Ia menempati kos di Seturan itu tidak sampai setahun. Ira pindah setelah dapat info bahwa di gang yang sama ada kos yang lebih nyaman dengan harga Rp400 ribu per bulan saja.
Saksi beratnya kehidupan mahasiswa dan pekerja di Jogja
Ketika di kos tersebut, kebebasannya masih sama. Namun, nuansa yang ia rasakan berbeda. Kos di Seturan yang kedua lebih kecil. Kamarnya tidak sampai sepuluh.
“Di situ aku jadi lebih banyak interaksi sama penghuni lain,” ungkapnya.
Banyak penghuni di situ merupakan driver ojek online.
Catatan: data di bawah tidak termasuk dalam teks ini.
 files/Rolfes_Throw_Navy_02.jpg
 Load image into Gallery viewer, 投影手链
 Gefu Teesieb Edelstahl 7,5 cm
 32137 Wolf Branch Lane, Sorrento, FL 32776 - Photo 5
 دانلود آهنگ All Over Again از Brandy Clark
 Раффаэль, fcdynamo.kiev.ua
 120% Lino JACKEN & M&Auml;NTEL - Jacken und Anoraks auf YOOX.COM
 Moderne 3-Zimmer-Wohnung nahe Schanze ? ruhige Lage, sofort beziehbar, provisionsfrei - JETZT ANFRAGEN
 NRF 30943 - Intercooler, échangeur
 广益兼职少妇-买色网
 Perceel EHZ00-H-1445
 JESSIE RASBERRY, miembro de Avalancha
Bahkan, sebagian masih aktif jadi mahasiswa namun sambil mencari pendapatan untuk mencukupi kebutuhan sehari-hari.
Sepulang kuliah, ganti pakaian, langsung berangkat menarik orderan. Pulang malam, terkadang larut, dan tidak punya banyak waktu untuk menikmati hiburan dan gemerlap di Seturan.
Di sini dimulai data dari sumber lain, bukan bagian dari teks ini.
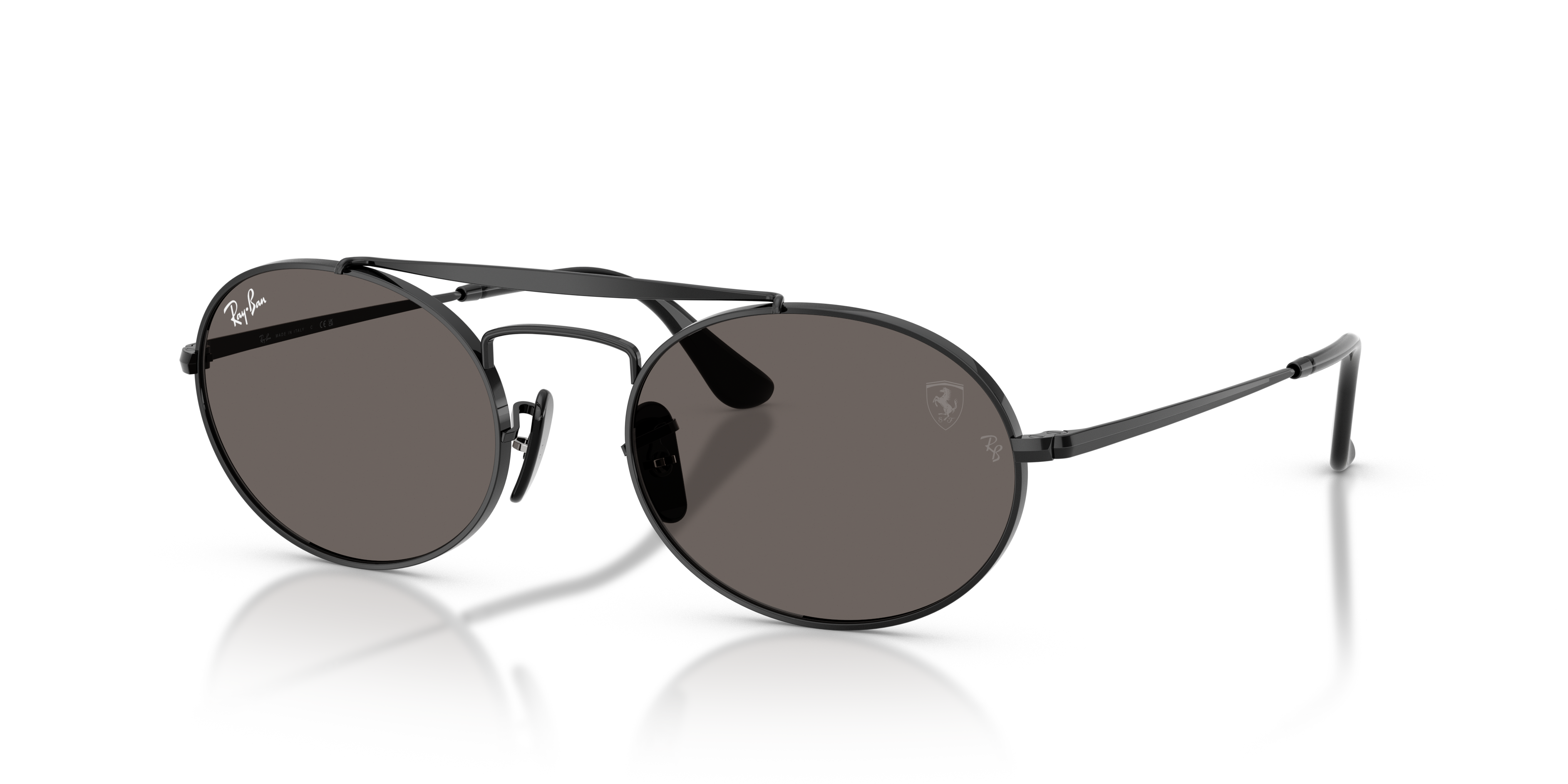 Ray-Ban RB3775M F134B1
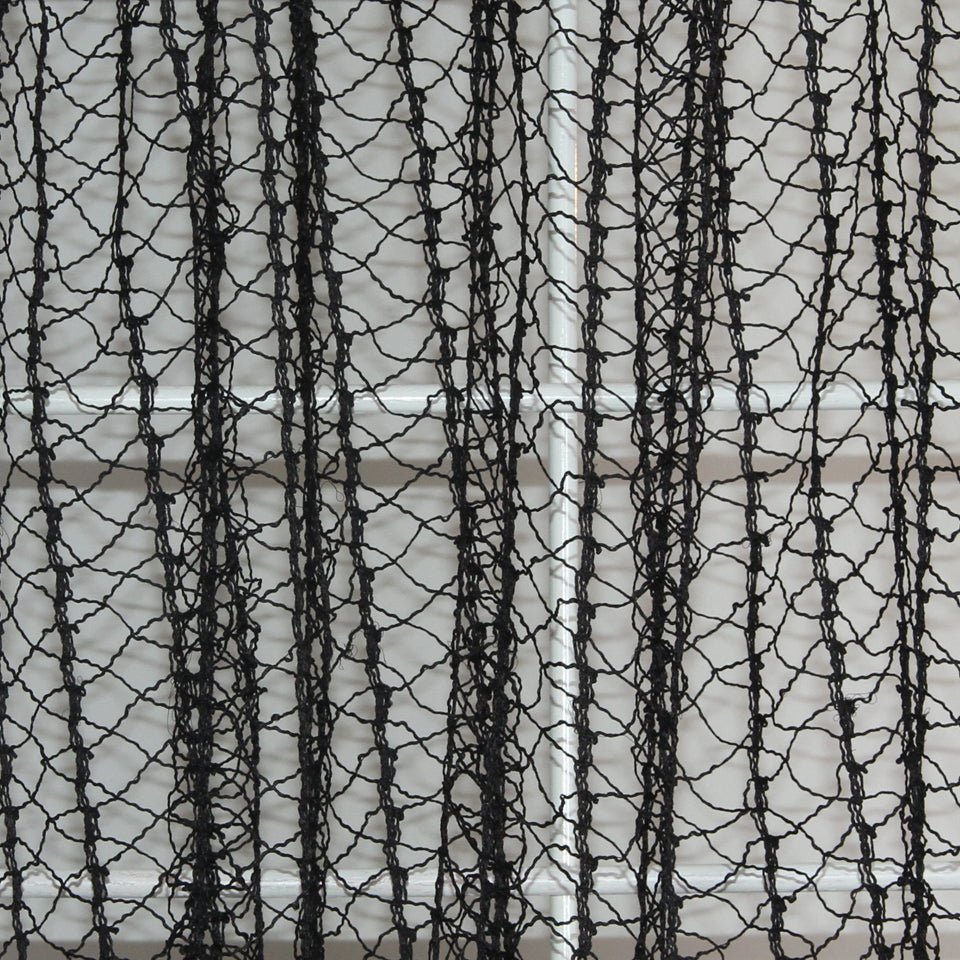 CREATIVE NET | ONYX - Drapery - Fabric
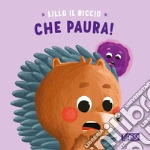 Denti Claudia; Cirillo Severino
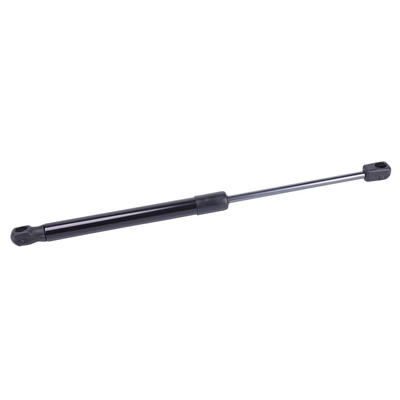 Gas Spring, bonnet (BF0114520008)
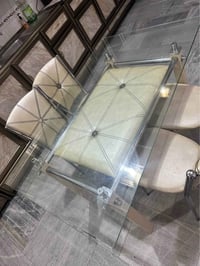 ميز طعام • منصور • بغداد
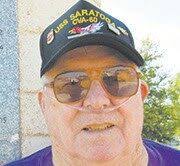 Fanita McMillan Chambers Russell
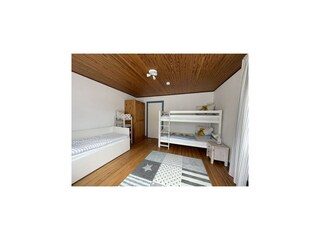 Appartement St. Peter-Ording Kenmerken 4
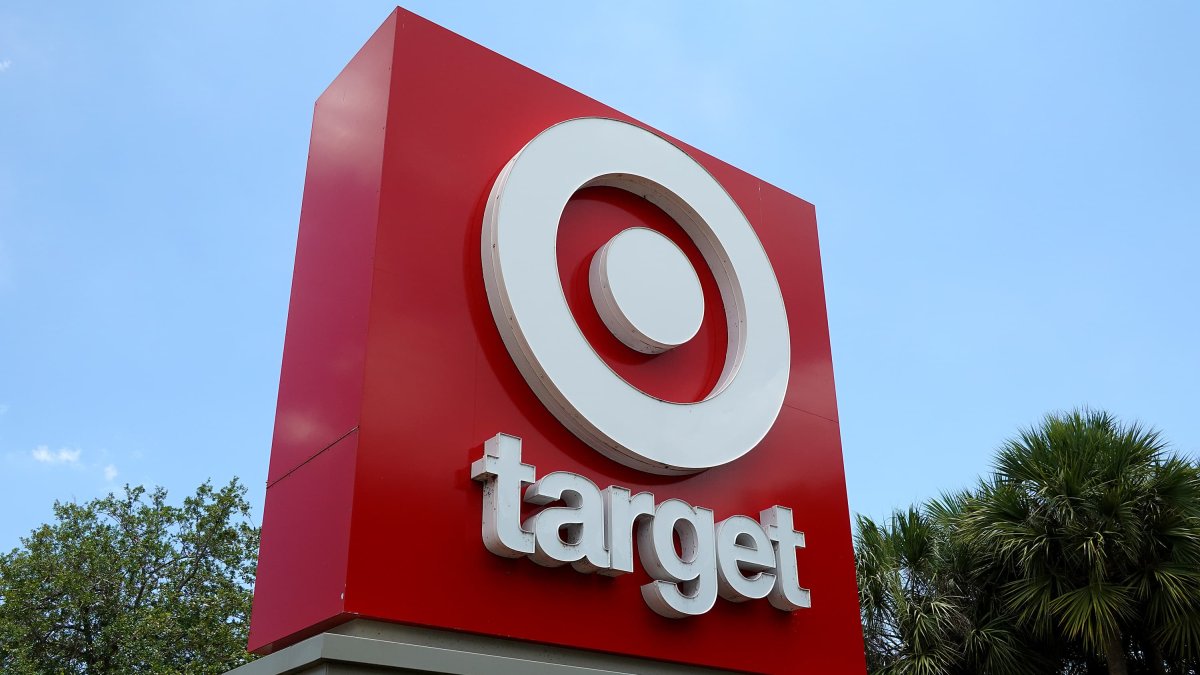 Target says it will close nine stores in major cities, citing violence and theft - Vimarsana News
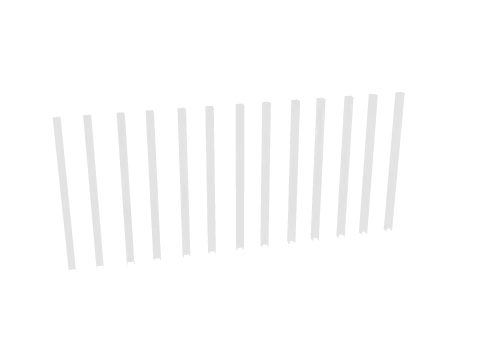 sm_01_towers_rails02, a GTA V map model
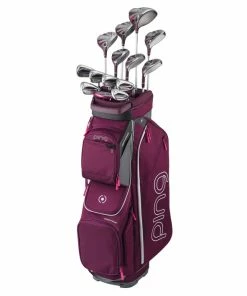 Ping G Le2 Irons -Golf Gloves Sales Store g le2 full set 708x708 1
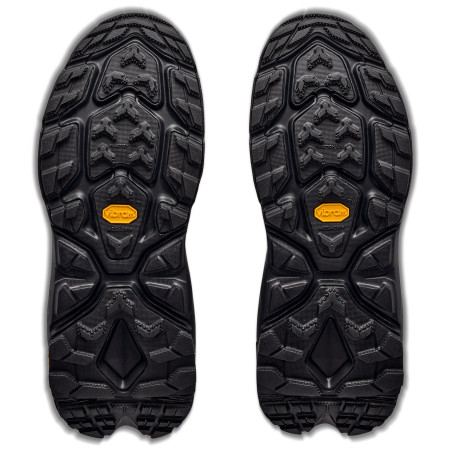 Мъжки трекинг обувки Hoka M Kaha 2 Frost Gtx
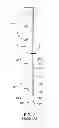 Fig. 03 - SUGAR CANE KNIFE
“Ada satu driver yang menikah sama pacarnya. Mereka sempat tinggal di kos itu. Ya kerasa banget perjuangannya,” kata dia.
Satu hal yang paling memprihatinkan terjadi saat ada satu driver ojol itu kehilangan motornya. Hal itu terjadi saat ia lalai mengunci pintu kos. Pada malam hari, motor yang terparkir di halaman raib digasak maling.
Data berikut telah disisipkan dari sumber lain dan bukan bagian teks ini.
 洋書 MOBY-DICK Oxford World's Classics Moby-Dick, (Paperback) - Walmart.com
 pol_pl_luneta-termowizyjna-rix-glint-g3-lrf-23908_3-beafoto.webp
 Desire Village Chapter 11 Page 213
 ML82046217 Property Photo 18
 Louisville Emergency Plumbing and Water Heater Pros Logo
“Ya intinya pada bagian ini, Seturan yang aku rasakan di kos nggak tentang gemerlapnya. Kehidupan kelas menengah ke bawah yang keras,” ungkapnya.
Sisi lain yang penuh gemerlap
Selain sisi-sisi kelamnya, soal gemerlap hiburan tak bisa disangkal. Andre (24) misalnya, seorang mahasiswa semester akhir di UPN Jogja bercerita kalau tinggal di kawasan SCBD Jogja membuatnya tak pernah sulit untuk cari hiburan. Ia tinggal di sisi barat Seturan sejak lima tahun silam.
“Dulu pernah tinggal di daerah lain, di sekitar Terminal Jombor, setelah pindah ke Seturan memang kerasa banget sih bedanya,” ujarnya.
“Walaupun penyebutan SCBD itu cuma candaan di media sosial, tapi bagiku kawasan ini sisi uniknya memang fasilitas hiburan anak muda yang agak lebih banyak dari titik lain di Jogja,” sambung dia.
Area perkantoran elite mungkin tidak akan dijumpai saat mengitari kawasan SCBD Jogja. Beda dengan situasi yang ada di Jakarta. Namun, budaya-budaya dari ibukota, menurut Andre, terbawa dari para pendatang yang memadati kawasan ini.
“Kantor mungkin nggak terlalu banyak tapi banyak juga pekerja yang mengandalkan coffee shop sebagai kantor,” katanya.
Salah satu hal lagi, yang ia rasakan kalau nongkrong di kawasan SCBD Jogja, adalah penampilan orang-orangnya yang fashionable. Ia, kemudian menjadi terdorong untuk menyesuaikan gaya hidup sesuai dengan lingkungannya.